100 Years Ago in the forward

Last week, some of the greatest Yiddish writers and cultural figures gathered in Tshernovitz, Bukovina, for the first-ever Yiddish language conference. To be honest, it didn’t seem like something that would ever come to fruition. In fact, the American Yiddish press was mostly indifferent to the conference and essentially ignored it. It’s true that the Yiddish press here in America, even the socialist press, treats Yiddish poorly. Everyone writes with a different style and different spelling, and there’s a tendency to throw in English words even when there’s no need to. Here in America, writers never cared about their Yiddish, they just wrote. But from day one in Russia, Der Fraynd, the first Yiddish daily there, paid attention to the quality of its writing and to the Yiddish language. The Bund’s newspaper has also helped Yiddish grow. Perhaps a similar attitude will take root here. Let us hope that this first Yiddish conference will be a success.

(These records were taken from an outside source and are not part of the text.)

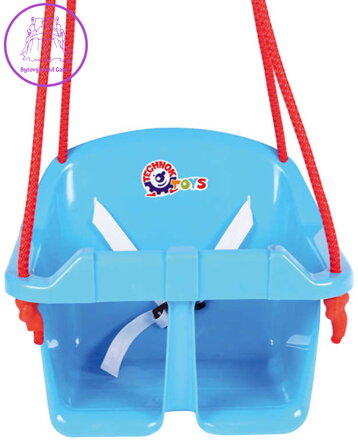 Houpačka baby plastová Modrá se zábranou skořepina závěsná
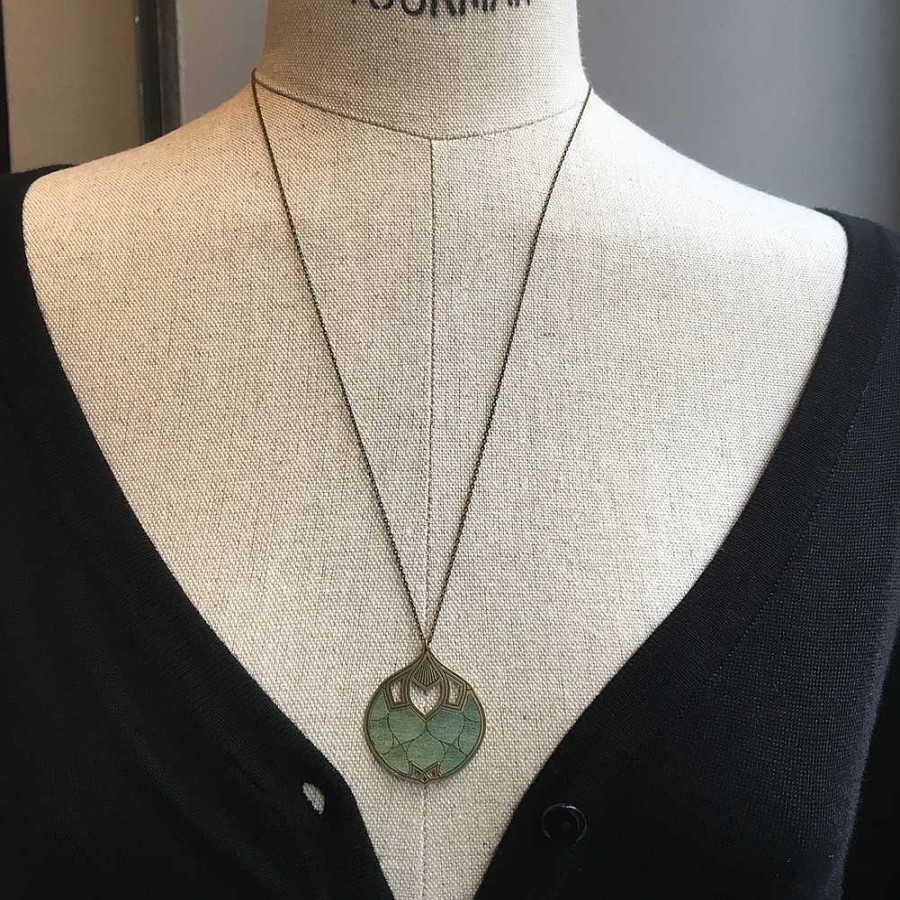 Bijoux Amélie Blaise | Am Lie Blaise — Collier Mi-Long Panouie 6 Vert D'Eau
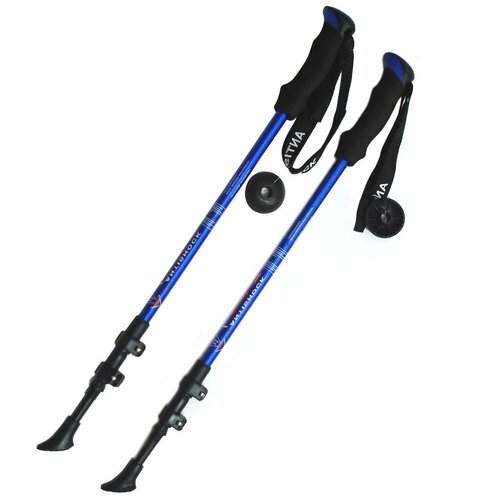 фото F18445 палки для скандинавской ходьбы (синие) до 1,35м телескопическая smart athletics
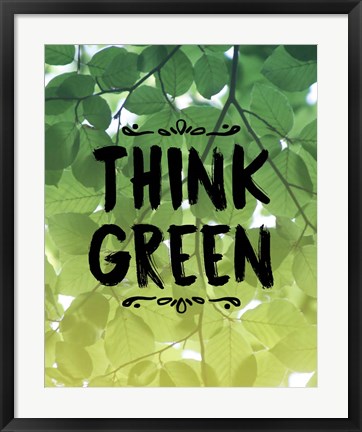 Framed Think Green Ombre Leaves Print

75 Years Ago in the forward

Jewish youth in Germany now aren’t allowed to have romantic relationships with non-Jews. But when a Jewish teen by the name of Walter Liebling fell in love with a Christian girl, the girl’s mother knew about their relationship and did not attempt to prevent it. She also apparently liked Liebling and actively promoted the interfaith relationship. Upon hearing about this, a group of local Nazi officials paraded Liebling, his girlfriend and her mother around the streets of the city in order to try to embarrass them. For her part, the girl said that the government has no right to interfere in the private lives of its citizens. The Nazi government, however, apparently thinks otherwise: Seven Jewish young men in Worms who were discovered to have non-Jewish girlfriends were sentenced to undetermined terms in a nearby concentration camp.


50 Years Ago in the forward

In a speech before hundreds of Jewish leaders from around the world, Israeli Prime Minister David Ben-Gurion said that peace with the country’s neighbors is no closer than it was 10 years ago, when the state was founded, and that the countries that surround the Jewish state would like nothing more than to push it into the sea. Ben-Gurion added, however, that not all the residents of the Middle East are Arabs, an important fact. He also said that it would not be long before Israel would establish warm relations with the non-Arab states in the region — states that are, he said, actually more powerful and influential than the Arab countries.